Kitlelerdeki hoşnutsuzluğun yoğun ve derin olduğunu söylerken sonuna kadar haklıyız. Üstelik bu bugün belirmiş bir olgu değildir. En başından beri yer yer yükselen ve alçalan Türkiye halkı gerçekliğidir. Örneğin Kürt ulusunun bütünü bu sisteme karşı en başından öfkelidir. Tüm ulusal hakları gasbedilmiş ve devlete itaat etmeleri dayatılmış Kürtlerin hoşnutsuzluğu başlangıçtan bugüne devam etmektedir. Bunun kısmen alçaldığı zaman ise “Kürt sorununun çözümü için adım atıldığı” zamandır. Bu adımın da büyük bir saldırı ile sonuçlandığını biliyoruz. Esas olan hoşnutsuzluktur ve bugün de hoşnutsuzluk derindir. Aynı şeyi halkın diğer kesimleri için de söylemek mümkün. Son seçim sürecinde de temelde ciddi bir hoşnutsuzluğun sürdüğünü gözlemlemek mümkün. Sistemden beklentiler büyük oranda “daha kötüsünden uzaklaşma”ya dayalı. Bu gerçekliğe karşın hoşnutsuzluğun devrimci dinamiklerini yakalamak ayrı bir sorumluluk ve çalışma gerektirir. Kendimizi tam da bu noktada değerlendirmeliyiz. Güvenilir ve sürdürülebilir ilişkiler olmadığında tespit edilen bu hoşnutsuzluk devrimci bir rotaya kendiliğinden giremez. Bu tartışmada veya değerlendirmede döne dolaşa varacağımız nokta kendimiz olmalıyız.

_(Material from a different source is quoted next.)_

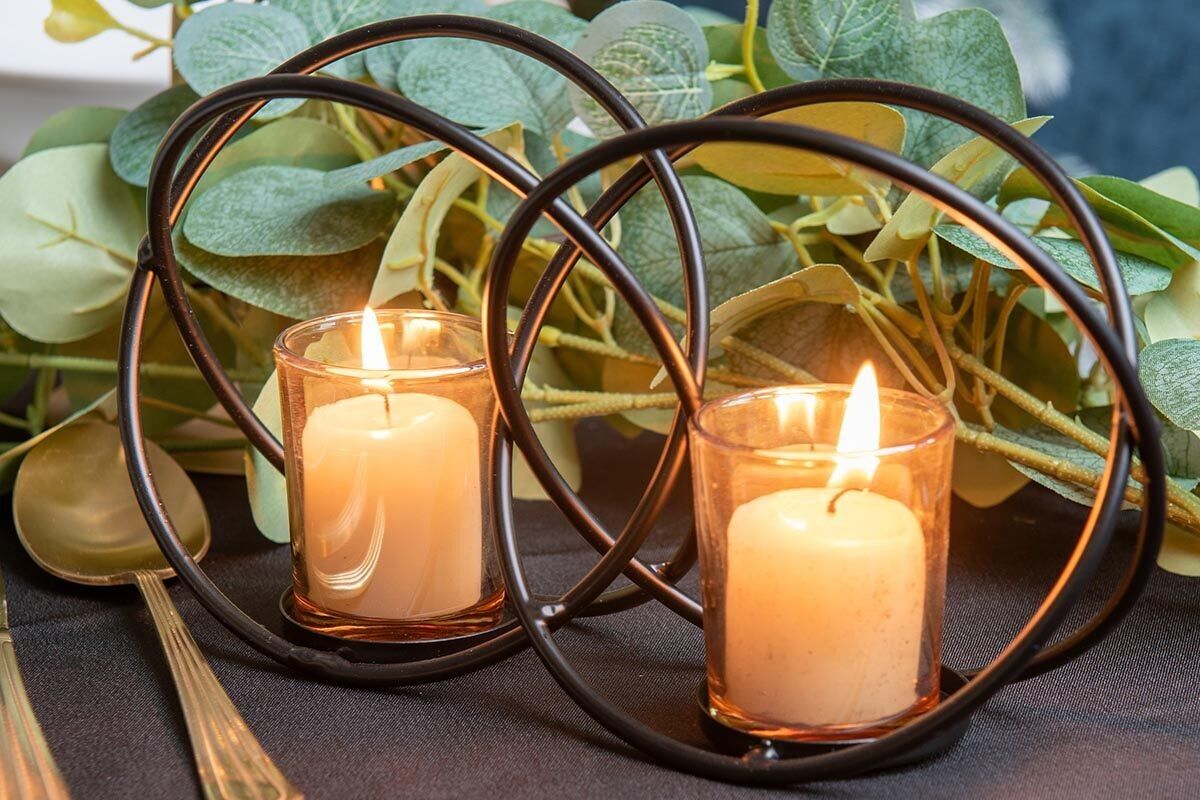 BJ3503 - PORTACANDELE SFERO X2 BICCHIERI - SCINTILLANTE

Kitlelere neleri, nasıl taşıdığımızı yapabildiklerimizle, yeteneklerimizle, bilgimiz ve deneyimlerimizle birlikte tartışmalıyız.

Devrimci dayanışmayı kavramak ve geliştirmek için de bu yolu izlemeliyiz. Çok daha fazla dayanışma için, devrimci eylem ve yönelim için oluşmakta olan koşullardan söz ederken kendimizi bu sürecin oluşumunda merkezde görmeliyiz. Büyümek, çizgimizi uygulamak, her türden oportünizme ve reformizme karşı mücadeleyi başarıyla yürütmek için koşullar hem yeterlidir hem de yeni yeni olaylarla olgunlaşmaktadır. Başarısızlık her birimiz açısından da bütün açısından da taşıdığımız sorumluluğu kavrayamamaktan gelmektedir. Görevlerimiz o kadar bilindik ve olanaklı ki birbirimize temas ettiğimiz her anda bunlar kendiliğinden dile gelmektedir. Kuşkusuz söz konusu görevlerin bütünlüğü karmaşık ve boyutludur. Bununla birlikte adım adım ilerlemek bakımından söz konusu görevler basittir ve uygulanabilirdir.

Koşulların olgunlaştığı gerçeğini tartışmalıyız. Seçim döneminde kitlelerde tanık olduğumuz politik düzey ve eğilimler bu gerçekliğin dışavurumudur. Bu politik düzeyi tartışmalıyız. Egemen zorba devletlerin çelişkileri derinleşmektedir. Bir dünya savaşı olasılığını tartışmakta olan Avrupa devletlerini ve Rusya’yı özel olarak izlemeli ve tartışmalıyız. Dünya halklarının düşmanı olan bu devletlerin halklara dayatmakta oldukları sorunları, Filistin halkına karşı nefret ve zorbalık olarak somutlaşan İsrail ve arkasındaki emperyalizmi tartışmalıyız. Yoksullukla birlikte üretim alanında maliyetlerin aşırı yükselmesini ve dolayısıyla üretimsizliği tartışmalıyız. Kürt ulusal sorunundaki açmazın kaynağının düzenin egemen sınıfları olduğu gerçeğini, halkın çıkarlarının bu sorunun tam ve kesin çözümünde olduğunu tartışmalıyız. Daha birçok somut sorun tartışılabilirdir. Halkımız bunlarla iç içedir. Bunlar ağır konular, teorik meseleler, halkın çok da ilgilenmediği politik meseleler diye bir iddia yersiz ve anlamsızdır. Kendimizi bu sorunların tartışıldığı zamanlar içinde örgütleyebiliriz. Devrimci dayanışmanın tüm olanakları bu zamanlarda gizlidir. Devrimci politikanın ve doğru kitle çizgisinin dinamiklerini bu zamanlarda harekete geçirebiliriz. Büyümek ve devrimci bilinçte derinleşmek için koşullar bugün de lehimizedir. Bunun için gereken şey sorumluluk almaktır.